>>>>
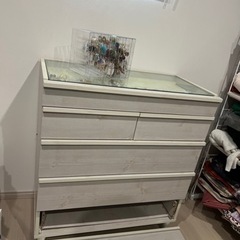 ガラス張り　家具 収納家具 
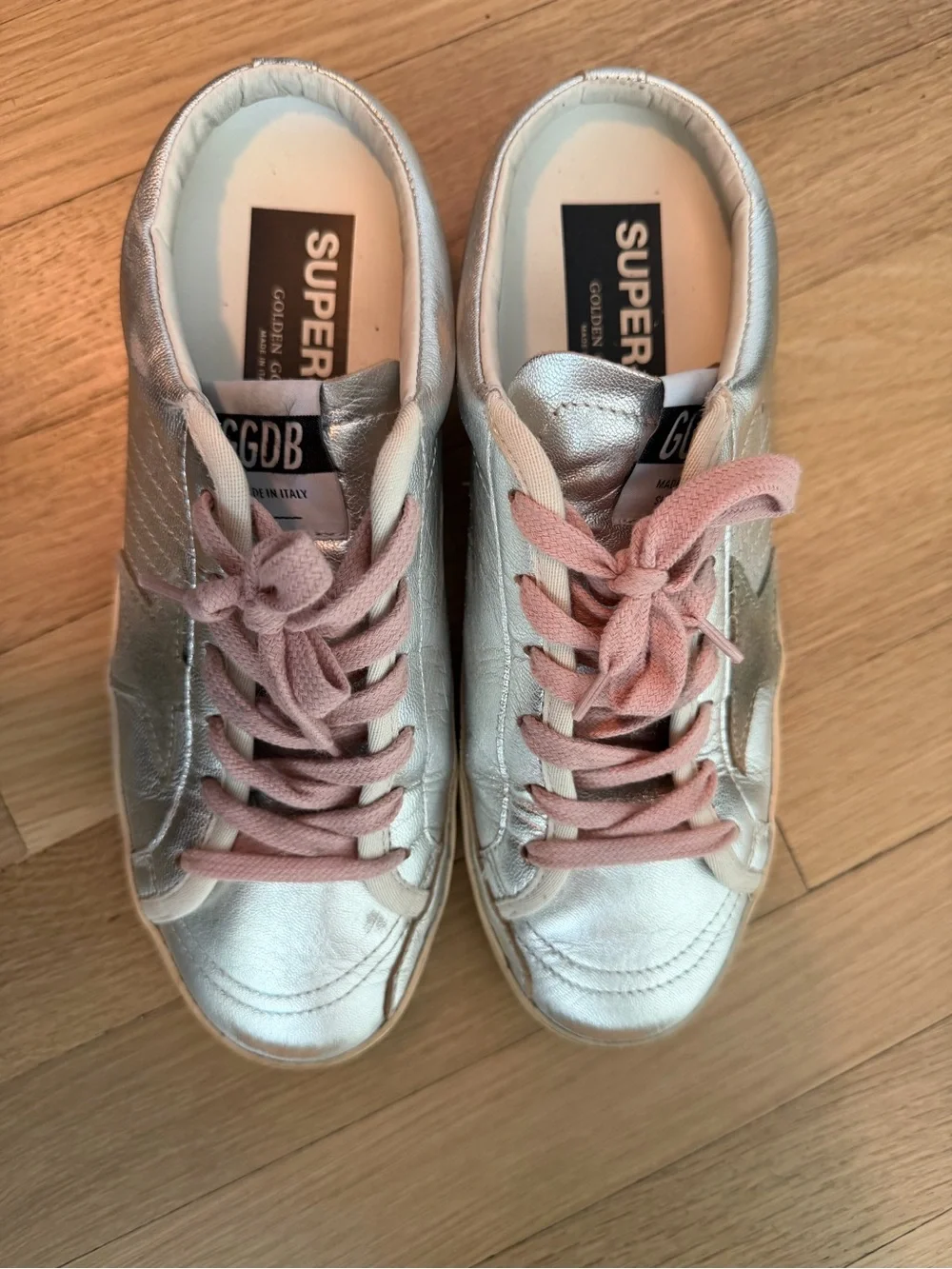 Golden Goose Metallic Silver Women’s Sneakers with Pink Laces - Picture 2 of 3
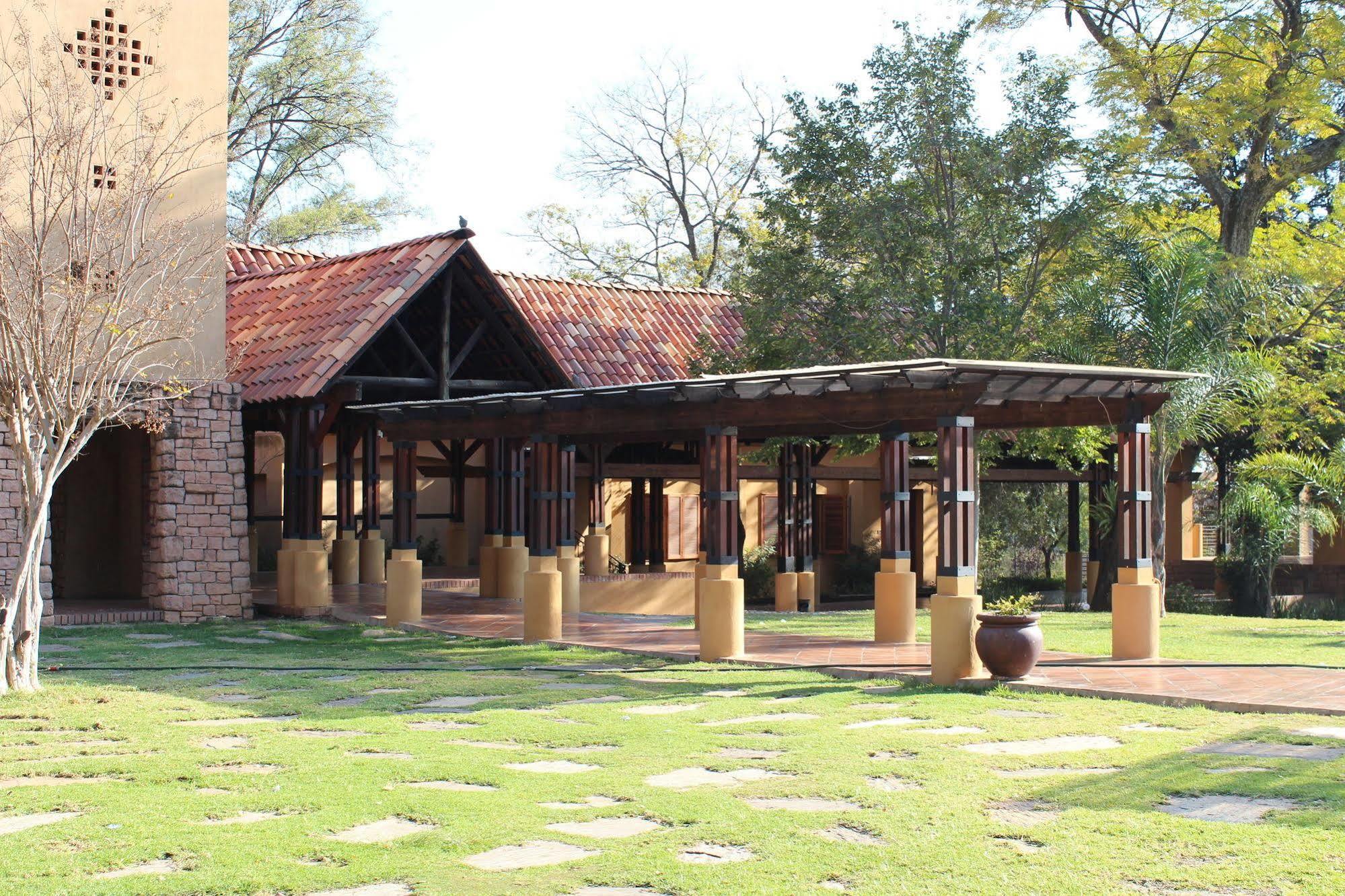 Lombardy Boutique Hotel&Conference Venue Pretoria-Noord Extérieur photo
<<<<
Copy the data exactly. Any picture it contains is to be omitted.

 ガラス張り　家具 収納家具 
 Golden Goose Metallic Silver Women’s Sneakers with Pink Laces - Picture 2 of 3
 Lombardy Boutique Hotel&Conference Venue Pretoria-Noord Extérieur photo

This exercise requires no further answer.